### Your instructions
Only the lines below between the one holding "In the flower, if" and the one holding "In the case", inclusive, are to be reproduced word for word; the pictures are to be left out.

*** The records Section Begins ***

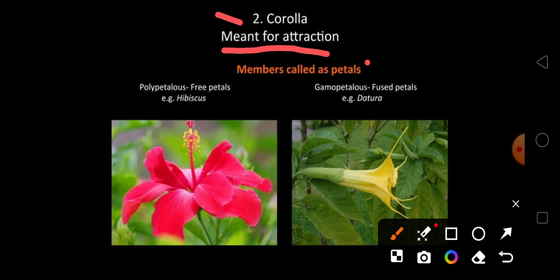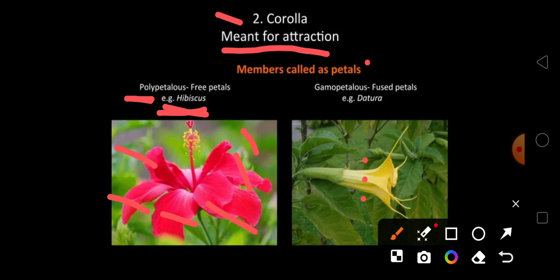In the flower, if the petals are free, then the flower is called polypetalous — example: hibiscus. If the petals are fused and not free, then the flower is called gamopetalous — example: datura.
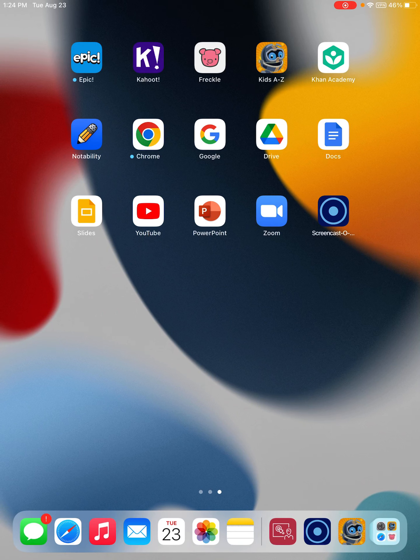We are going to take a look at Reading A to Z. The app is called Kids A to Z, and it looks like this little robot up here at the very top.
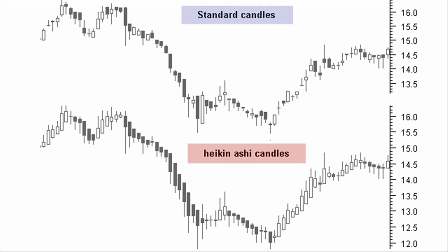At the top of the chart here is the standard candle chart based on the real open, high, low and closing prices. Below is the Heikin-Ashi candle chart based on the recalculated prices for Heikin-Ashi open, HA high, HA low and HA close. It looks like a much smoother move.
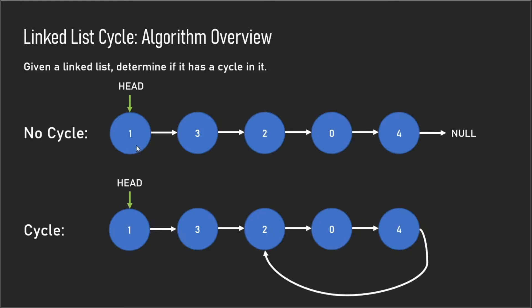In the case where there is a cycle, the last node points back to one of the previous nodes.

*** The records Section Ends ***
*** The records Section Begins ***

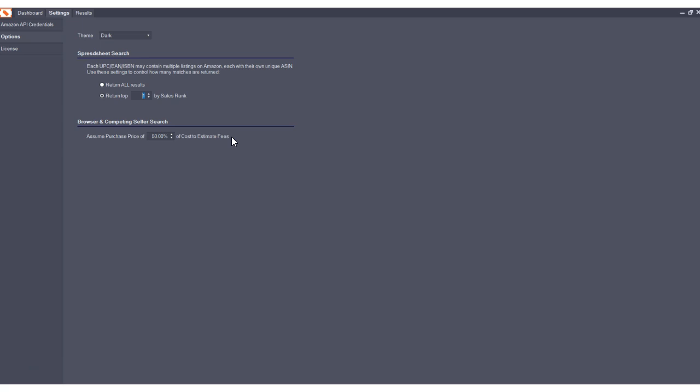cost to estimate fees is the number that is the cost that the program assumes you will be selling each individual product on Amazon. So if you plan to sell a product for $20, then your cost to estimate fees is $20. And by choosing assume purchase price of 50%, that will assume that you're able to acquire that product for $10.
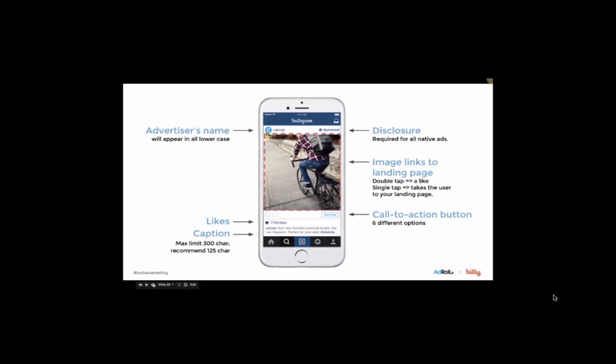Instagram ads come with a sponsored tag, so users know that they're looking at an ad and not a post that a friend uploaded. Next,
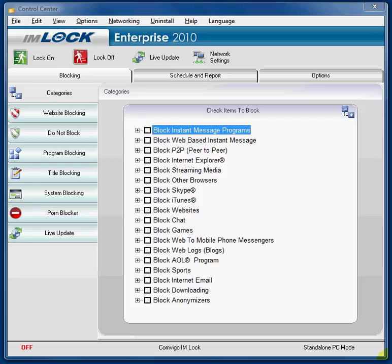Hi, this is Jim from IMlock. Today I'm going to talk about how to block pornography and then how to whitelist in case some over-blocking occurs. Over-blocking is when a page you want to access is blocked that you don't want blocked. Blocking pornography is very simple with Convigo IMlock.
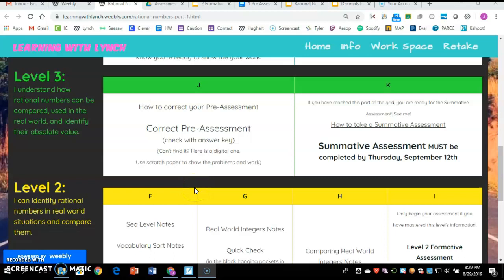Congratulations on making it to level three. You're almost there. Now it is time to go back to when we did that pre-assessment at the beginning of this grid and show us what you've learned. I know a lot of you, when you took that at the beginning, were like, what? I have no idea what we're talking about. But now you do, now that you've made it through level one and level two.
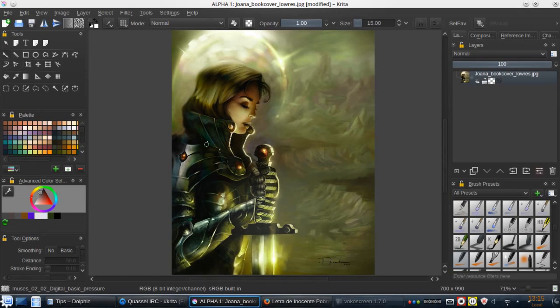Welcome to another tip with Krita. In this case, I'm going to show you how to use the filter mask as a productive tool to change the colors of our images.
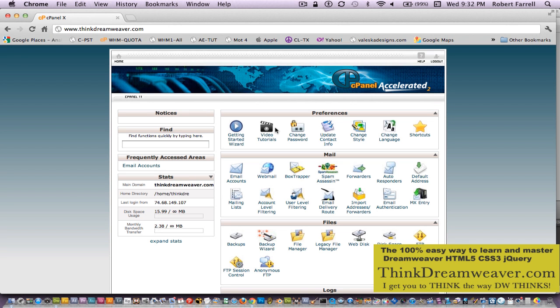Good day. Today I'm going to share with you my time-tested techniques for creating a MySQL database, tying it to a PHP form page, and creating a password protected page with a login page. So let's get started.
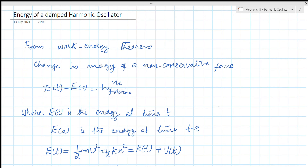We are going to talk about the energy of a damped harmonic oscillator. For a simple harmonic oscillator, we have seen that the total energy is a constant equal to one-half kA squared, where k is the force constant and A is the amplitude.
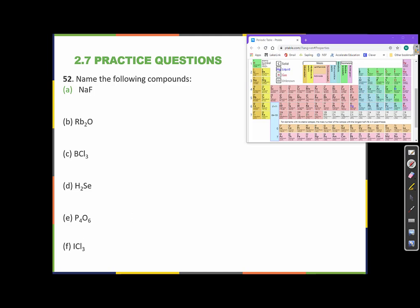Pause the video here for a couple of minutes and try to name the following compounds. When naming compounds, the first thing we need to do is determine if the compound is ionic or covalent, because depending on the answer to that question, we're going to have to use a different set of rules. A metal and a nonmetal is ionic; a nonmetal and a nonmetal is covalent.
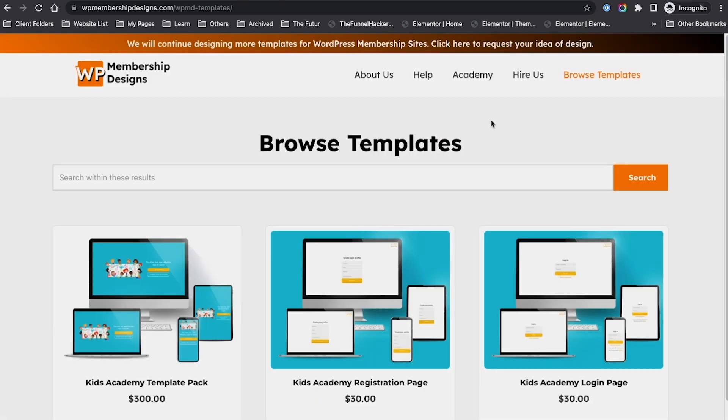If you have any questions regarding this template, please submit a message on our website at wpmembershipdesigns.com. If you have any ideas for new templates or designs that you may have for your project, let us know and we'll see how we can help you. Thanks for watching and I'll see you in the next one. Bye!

*** The records Section Ends ***

### Response
In the flower, if the petals are free, then the flower is called polypetalous — example: hibiscus. If the petals are fused and not free, then the flower is called gamopetalous — example: datura.
We are going to take a look at Reading A to Z. The app is called Kids A to Z, and it looks like this little robot up here at the very top.
At the top of the chart here is the standard candle chart based on the real open, high, low and closing prices. Below is the Heikin-Ashi candle chart based on the recalculated prices for Heikin-Ashi open, HA high, HA low and HA close. It looks like a much smoother move.
In the case where there is a cycle, the last node points back to one of the previous nodes.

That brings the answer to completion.